Si Lorcan Finnegan n’évite pas un ventre mou en milieu de film (les séquences dans lesquelles Tom creuse un trou immense dans le jardin nous paraissent aussi répétitives que les journées du couple dans leur nouvelle maison), le réalisateur, qui signe ici une variation sur le thème de son premier film (Without Name, en 2016, dans lequel un quidam se retrouvait prisonnier d’une forêt sans fin), il signe une curiosité certes trop longue pour totalement convaincre, mais résolument originale, dans laquelle l’absurdité et l’humour noir d’un sketch des Monty Python se mêle à l’angoisse existentielle d’un récit de Kafka, sans oublier un climax (dont nous ne dévoilerons rien) qui convoque des visions inspirées de l’œuvre de Dali. 
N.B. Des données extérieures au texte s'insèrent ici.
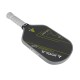 JOOLA Pickleball Schläger Ben Johns Hyperion C2 CFS 14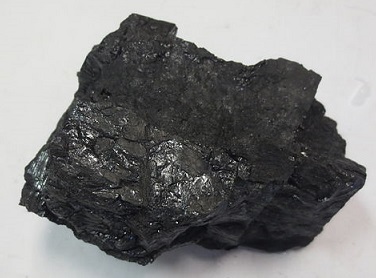 File:640px-Bituminous Coal.jpg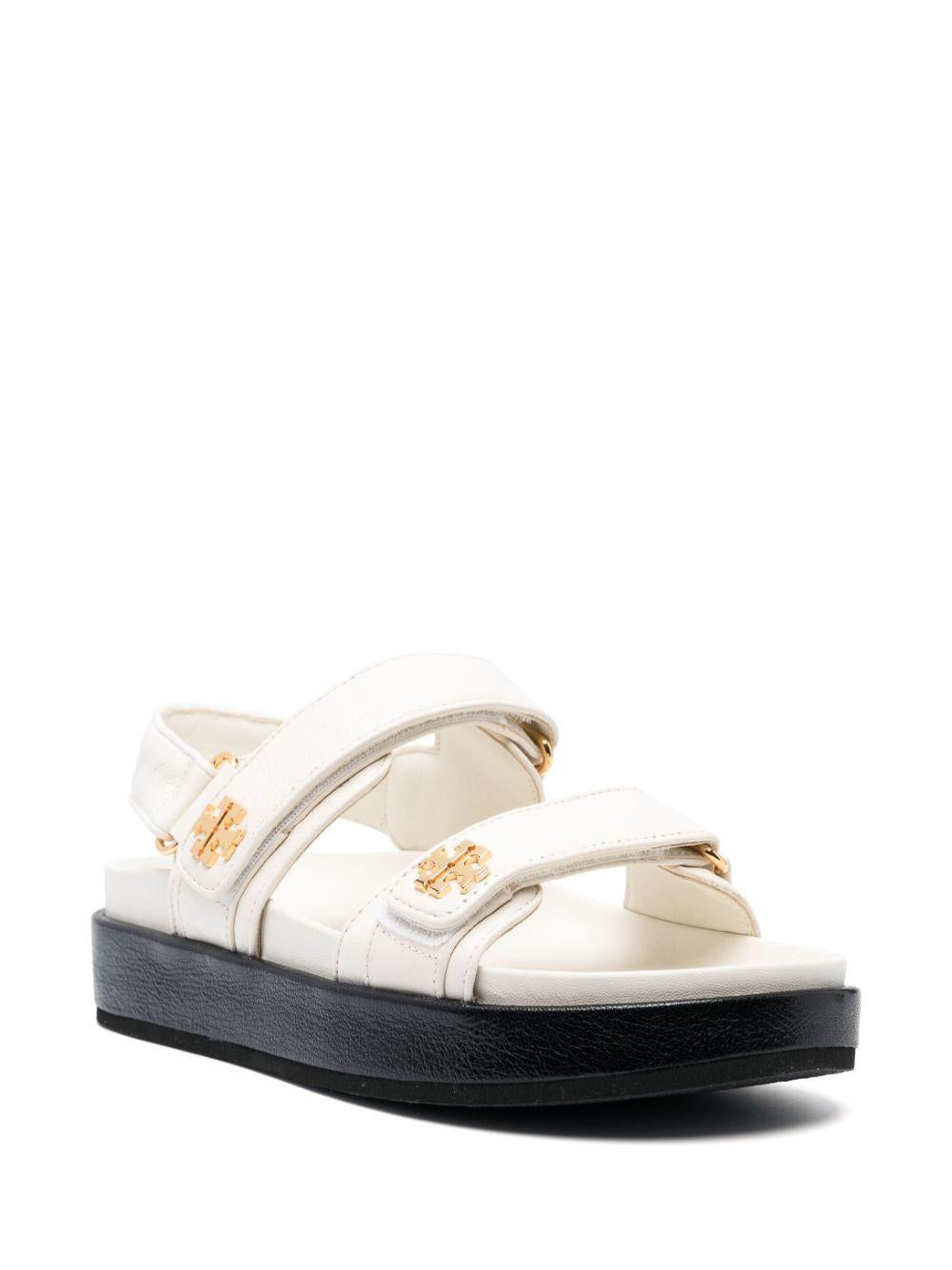 144328 104 IVORY TORY BURCH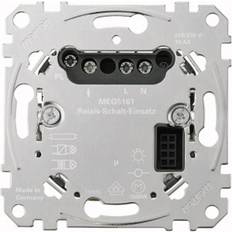 Merten MEG5161-0000 Metallic Receiver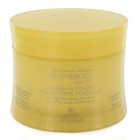 Alterna Bamboo Kendi Intense Smoothing Moisture Masque 5.1 Oz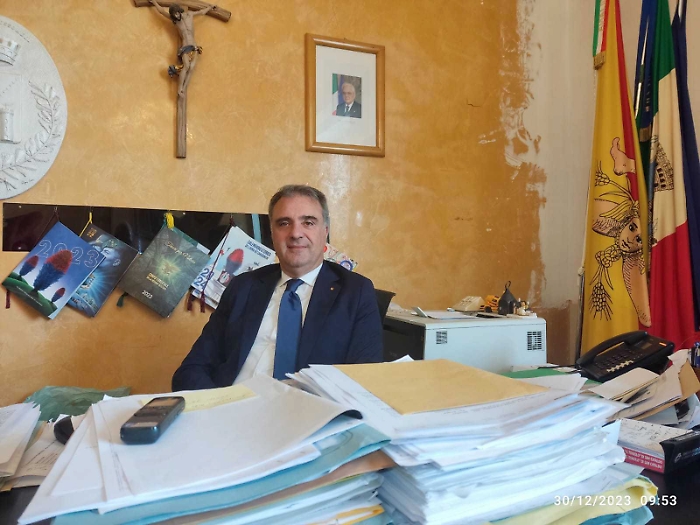 A Mussomeli qualcosa mi muove per l'occupazione, bando per stabilizzare 42 ex Asu part-time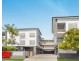 17/12-14 Hawthorne Street, Beenleigh QLD 4207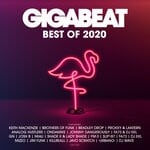 cover: Various - Gigabeat - Best Of 2020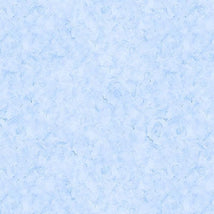 Stucco-Sky Blue W110-001-500
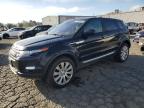 LAND ROVER RANGE ROVER EVOQUE 2014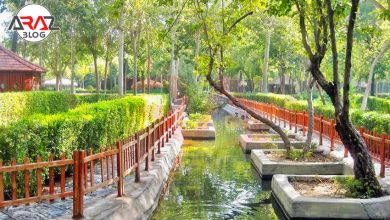 سفر به طرقبه مشهد 5 سفر به طرقبه مشهد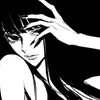 kagura_princess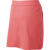 FootJoy Interlock Ladies Golf Skort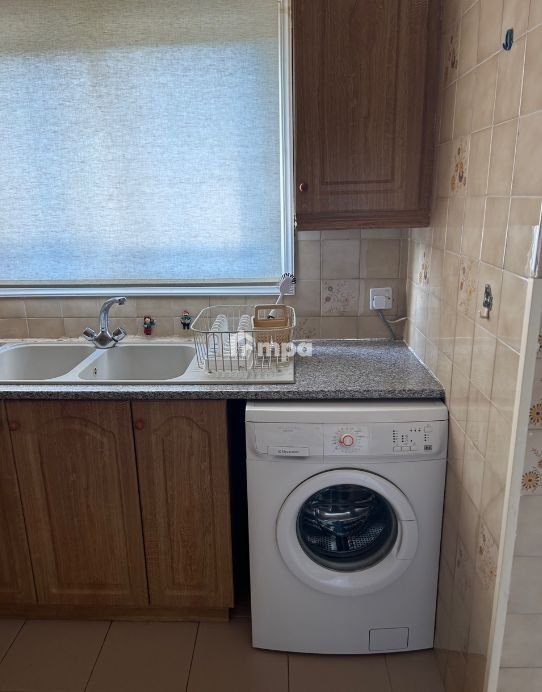 Cheap Apartments for Rent Nicosia up to 900 euro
Caricature féroce des rituels humains et de leur artificialité, critique acerbe de nos modes de consommation virant au ridicule, destruction en règle du concept de famille nucléaire, farce cruelle sur une humanité qui finit par s’entredévorer, Vivarium n’atteint pas les sommets de Brazil (de Terry Gilliam) ou de The Lobster (de Yorgos Lanthimos), auxquels on pourrait le comparer, faute d’argent (les images de synthèse – très convaincantes – utilisées pour créer l’univers artificiel ont englouti une grande partie du budget) et d’un script plus abouti. On risque néanmoins de frissonner longtemps en souvenir du calvaire vécu par Imogen Poots (toujours exceptionnelle, même lorsqu’elle laisse son glamour au vestiaire) et Jesse Eisenberg (plus sobre qu’à l’accoutumée, son personnage étant très vite à bout de forces) et de la plaisanterie cosmique à laquelle des forces mystérieuses les soumettent.